**THE RECORDS:**

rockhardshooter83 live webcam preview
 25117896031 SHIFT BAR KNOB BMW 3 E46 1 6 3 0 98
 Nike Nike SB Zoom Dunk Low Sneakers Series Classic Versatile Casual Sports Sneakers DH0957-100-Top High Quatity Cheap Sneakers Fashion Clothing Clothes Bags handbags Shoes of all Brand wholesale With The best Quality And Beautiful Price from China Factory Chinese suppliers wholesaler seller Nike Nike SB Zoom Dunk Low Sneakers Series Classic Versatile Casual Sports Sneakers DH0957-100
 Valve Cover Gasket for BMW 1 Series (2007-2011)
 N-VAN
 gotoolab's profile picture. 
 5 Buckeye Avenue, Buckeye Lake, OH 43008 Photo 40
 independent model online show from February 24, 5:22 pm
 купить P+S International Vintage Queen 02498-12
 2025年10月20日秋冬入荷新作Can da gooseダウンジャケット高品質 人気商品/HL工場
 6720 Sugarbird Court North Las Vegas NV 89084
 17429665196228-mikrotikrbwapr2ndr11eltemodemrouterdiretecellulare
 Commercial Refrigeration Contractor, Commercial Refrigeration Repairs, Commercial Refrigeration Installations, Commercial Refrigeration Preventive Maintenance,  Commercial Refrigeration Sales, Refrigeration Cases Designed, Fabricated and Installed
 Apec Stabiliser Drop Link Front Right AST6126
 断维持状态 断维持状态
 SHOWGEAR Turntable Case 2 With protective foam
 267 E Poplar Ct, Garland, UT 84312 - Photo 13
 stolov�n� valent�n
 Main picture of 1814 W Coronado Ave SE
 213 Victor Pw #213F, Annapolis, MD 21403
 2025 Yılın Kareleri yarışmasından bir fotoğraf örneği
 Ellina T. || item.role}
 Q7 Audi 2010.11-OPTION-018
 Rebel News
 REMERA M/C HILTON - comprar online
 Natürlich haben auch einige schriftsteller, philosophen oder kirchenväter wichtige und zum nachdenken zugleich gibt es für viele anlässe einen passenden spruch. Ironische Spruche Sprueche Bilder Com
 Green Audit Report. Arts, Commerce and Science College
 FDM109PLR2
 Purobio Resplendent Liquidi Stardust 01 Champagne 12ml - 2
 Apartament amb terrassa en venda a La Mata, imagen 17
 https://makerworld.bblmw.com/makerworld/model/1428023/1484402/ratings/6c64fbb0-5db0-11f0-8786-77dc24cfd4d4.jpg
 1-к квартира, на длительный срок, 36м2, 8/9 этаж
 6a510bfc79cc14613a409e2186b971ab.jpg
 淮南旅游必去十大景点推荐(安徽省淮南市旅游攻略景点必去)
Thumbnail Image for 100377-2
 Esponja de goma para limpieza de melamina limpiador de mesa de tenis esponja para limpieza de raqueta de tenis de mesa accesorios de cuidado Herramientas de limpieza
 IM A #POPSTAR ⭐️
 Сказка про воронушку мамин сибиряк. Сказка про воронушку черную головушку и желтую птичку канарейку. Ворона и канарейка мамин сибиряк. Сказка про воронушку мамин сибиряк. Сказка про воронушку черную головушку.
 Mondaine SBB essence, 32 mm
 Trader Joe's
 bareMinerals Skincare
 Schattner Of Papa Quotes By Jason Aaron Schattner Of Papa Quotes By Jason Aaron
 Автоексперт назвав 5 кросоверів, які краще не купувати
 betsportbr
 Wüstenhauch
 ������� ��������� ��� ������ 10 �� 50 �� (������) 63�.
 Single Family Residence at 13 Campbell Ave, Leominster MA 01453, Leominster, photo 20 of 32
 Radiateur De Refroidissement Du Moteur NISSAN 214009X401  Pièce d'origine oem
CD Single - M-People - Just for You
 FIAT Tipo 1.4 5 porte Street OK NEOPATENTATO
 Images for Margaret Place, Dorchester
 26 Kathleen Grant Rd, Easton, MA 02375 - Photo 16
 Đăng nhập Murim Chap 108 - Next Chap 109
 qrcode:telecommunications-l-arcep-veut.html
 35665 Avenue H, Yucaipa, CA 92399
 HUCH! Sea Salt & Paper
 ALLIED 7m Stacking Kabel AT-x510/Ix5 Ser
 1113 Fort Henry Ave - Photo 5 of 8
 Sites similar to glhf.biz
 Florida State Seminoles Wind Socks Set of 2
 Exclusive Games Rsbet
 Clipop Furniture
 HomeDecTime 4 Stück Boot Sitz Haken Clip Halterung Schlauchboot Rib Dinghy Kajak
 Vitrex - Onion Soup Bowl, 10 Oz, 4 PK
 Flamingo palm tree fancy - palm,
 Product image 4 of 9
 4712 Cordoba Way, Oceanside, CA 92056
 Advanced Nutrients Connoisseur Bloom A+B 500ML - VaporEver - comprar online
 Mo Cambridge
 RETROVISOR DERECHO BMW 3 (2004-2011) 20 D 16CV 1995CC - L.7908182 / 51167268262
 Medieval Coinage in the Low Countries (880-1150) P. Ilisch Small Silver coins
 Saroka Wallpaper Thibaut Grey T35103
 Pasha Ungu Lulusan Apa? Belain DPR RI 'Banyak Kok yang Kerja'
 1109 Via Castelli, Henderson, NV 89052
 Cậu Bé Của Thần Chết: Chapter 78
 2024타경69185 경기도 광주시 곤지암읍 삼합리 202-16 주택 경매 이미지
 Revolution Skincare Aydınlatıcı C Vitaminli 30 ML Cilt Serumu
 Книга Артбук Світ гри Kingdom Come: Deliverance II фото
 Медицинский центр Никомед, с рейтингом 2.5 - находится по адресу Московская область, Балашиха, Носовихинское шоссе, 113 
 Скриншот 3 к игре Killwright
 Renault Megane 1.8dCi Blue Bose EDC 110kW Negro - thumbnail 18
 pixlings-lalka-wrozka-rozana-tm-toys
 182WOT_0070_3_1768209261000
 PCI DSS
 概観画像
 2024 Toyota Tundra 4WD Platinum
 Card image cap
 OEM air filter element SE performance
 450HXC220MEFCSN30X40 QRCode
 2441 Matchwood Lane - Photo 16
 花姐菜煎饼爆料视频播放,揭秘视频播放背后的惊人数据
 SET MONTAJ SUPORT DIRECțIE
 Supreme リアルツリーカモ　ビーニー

**THE PROBLEM:**
What is asked for is an exact copy of the lines above from the one containing "Mo Cambridge" through the one containing "花姐菜煎饼爆料视频播放,揭秘视频播放背后的惊人数据", and only those.

**COMPLETED TASK:**
 Mo Cambridge
 RETROVISOR DERECHO BMW 3 (2004-2011) 20 D 16CV 1995CC - L.7908182 / 51167268262
 Medieval Coinage in the Low Countries (880-1150) P. Ilisch Small Silver coins
 Saroka Wallpaper Thibaut Grey T35103
 Pasha Ungu Lulusan Apa? Belain DPR RI 'Banyak Kok yang Kerja'
 1109 Via Castelli, Henderson, NV 89052
 Cậu Bé Của Thần Chết: Chapter 78
 2024타경69185 경기도 광주시 곤지암읍 삼합리 202-16 주택 경매 이미지
 Revolution Skincare Aydınlatıcı C Vitaminli 30 ML Cilt Serumu
 Книга Артбук Світ гри Kingdom Come: Deliverance II фото
 Медицинский центр Никомед, с рейтингом 2.5 - находится по адресу Московская область, Балашиха, Носовихинское шоссе, 113 
 Скриншот 3 к игре Killwright
 Renault Megane 1.8dCi Blue Bose EDC 110kW Negro - thumbnail 18
 pixlings-lalka-wrozka-rozana-tm-toys
 182WOT_0070_3_1768209261000
 PCI DSS
 概観画像
 2024 Toyota Tundra 4WD Platinum
 Card image cap
 OEM air filter element SE performance
 450HXC220MEFCSN30X40 QRCode
 2441 Matchwood Lane - Photo 16
 花姐菜煎饼爆料视频播放,揭秘视频播放背后的惊人数据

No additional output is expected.